--- Aim of the exercise ---
Give the entries again exactly. Skip the pictures.

Dataset excerpts:

------------------------------------

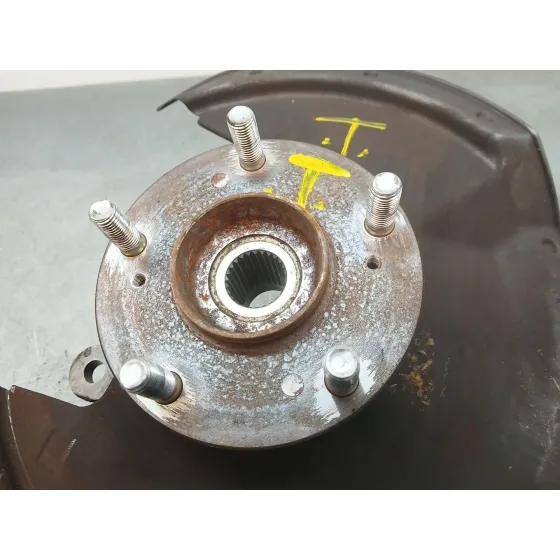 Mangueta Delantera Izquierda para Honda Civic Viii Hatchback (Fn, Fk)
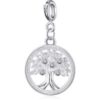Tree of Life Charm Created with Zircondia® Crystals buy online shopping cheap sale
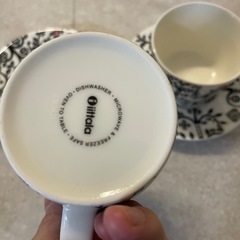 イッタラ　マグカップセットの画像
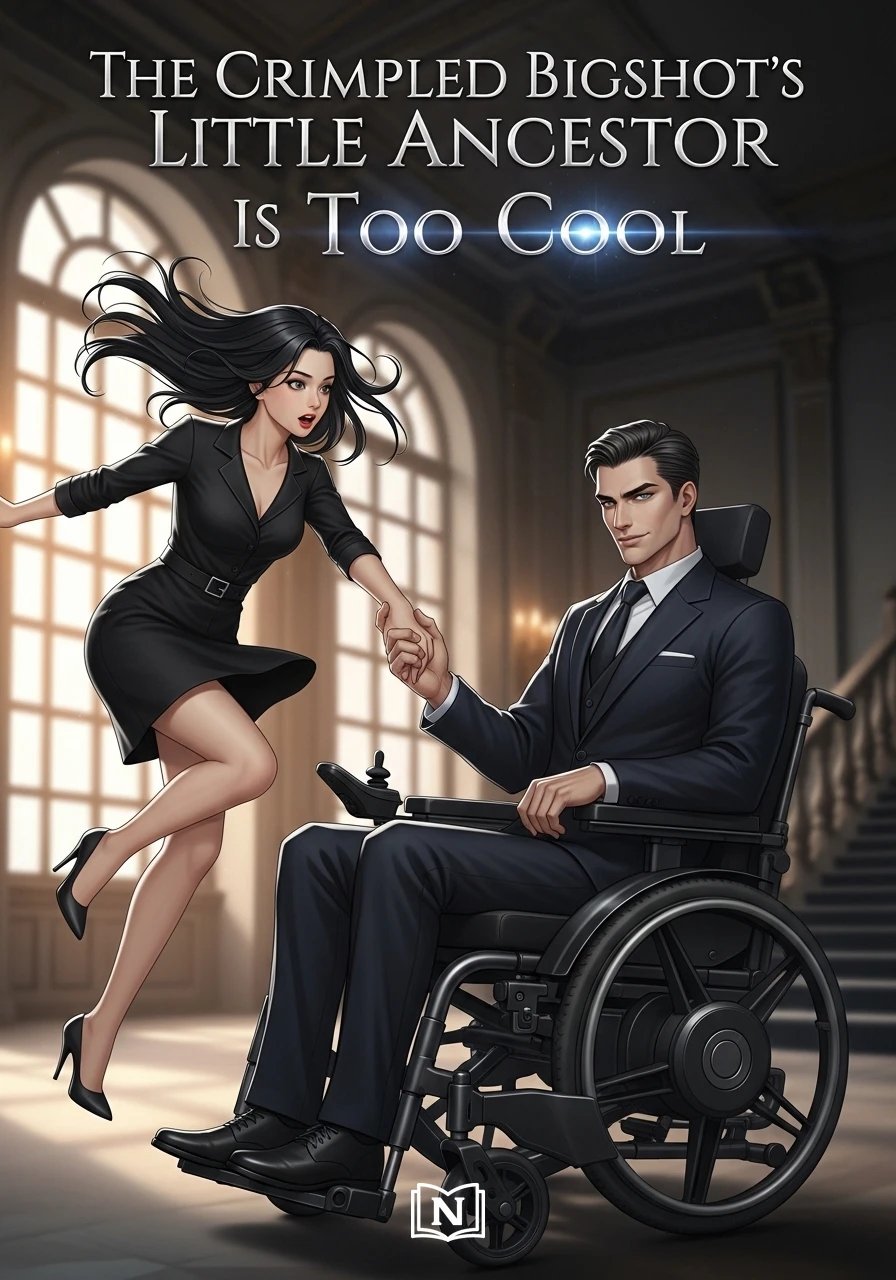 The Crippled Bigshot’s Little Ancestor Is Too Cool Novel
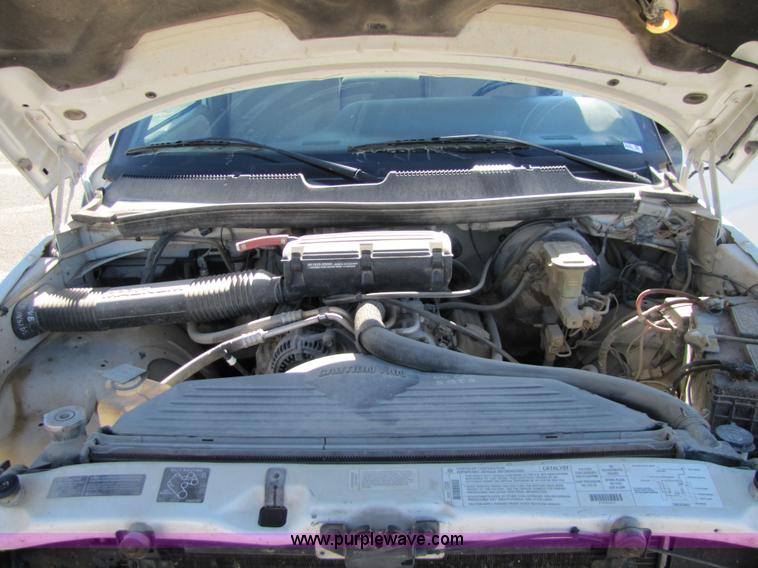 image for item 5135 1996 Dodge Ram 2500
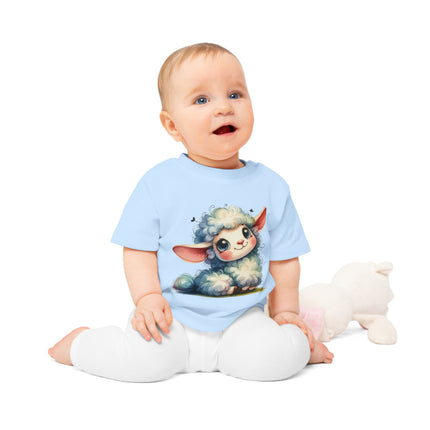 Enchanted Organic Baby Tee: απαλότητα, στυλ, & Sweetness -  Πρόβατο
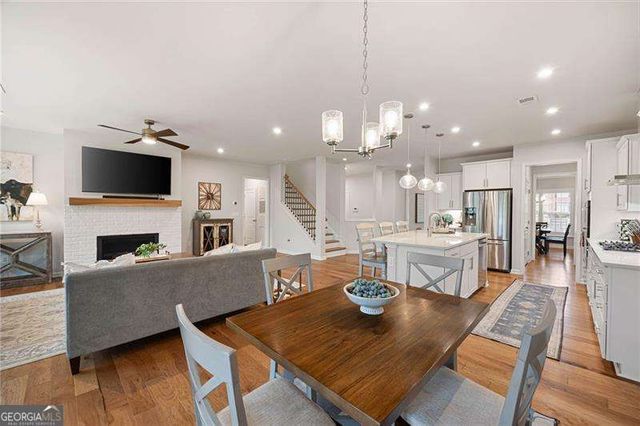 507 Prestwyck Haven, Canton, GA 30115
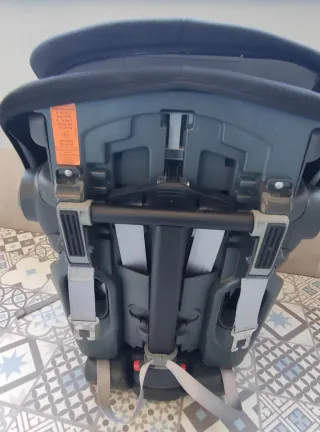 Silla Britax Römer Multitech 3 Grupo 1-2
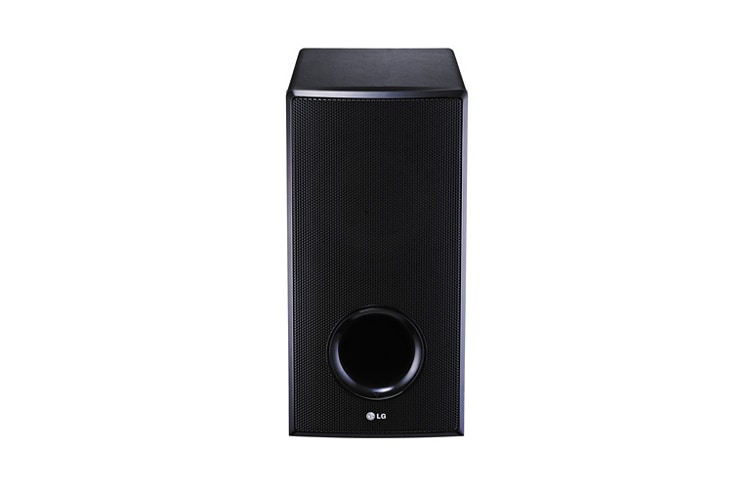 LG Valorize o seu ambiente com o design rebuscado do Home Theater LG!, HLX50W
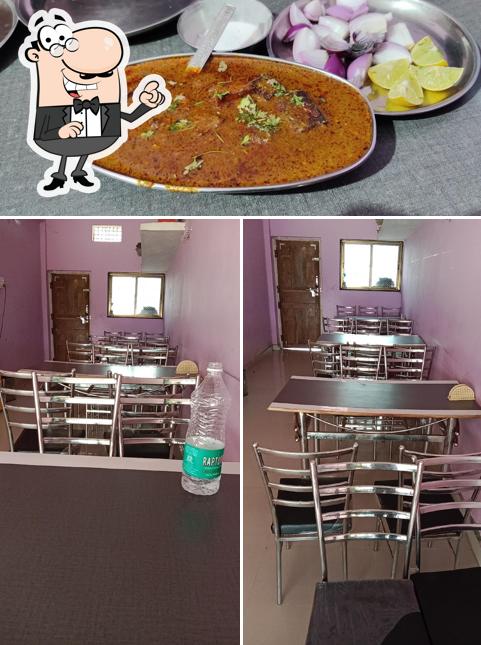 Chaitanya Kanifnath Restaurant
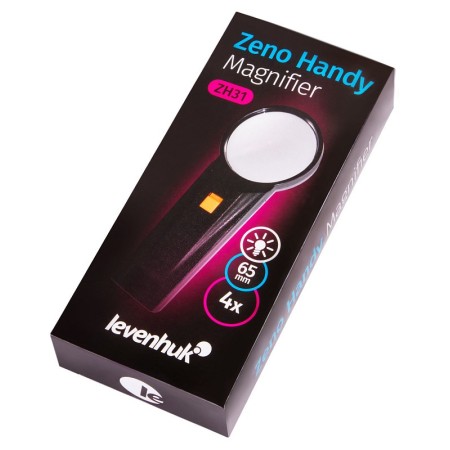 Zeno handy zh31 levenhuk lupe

------------------------------------

--- Answer space ---
 Mangueta Delantera Izquierda para Honda Civic Viii Hatchback (Fn, Fk)
Tree of Life Charm Created with Zircondia® Crystals buy online shopping cheap sale
 イッタラ　マグカップセットの画像
 The Crippled Bigshot’s Little Ancestor Is Too Cool Novel
 image for item 5135 1996 Dodge Ram 2500
 Enchanted Organic Baby Tee: απαλότητα, στυλ, & Sweetness -  Πρόβατο
 507 Prestwyck Haven, Canton, GA 30115
 Silla Britax Römer Multitech 3 Grupo 1-2
 LG Valorize o seu ambiente com o design rebuscado do Home Theater LG!, HLX50W
 Chaitanya Kanifnath Restaurant
 Zeno handy zh31 levenhuk lupe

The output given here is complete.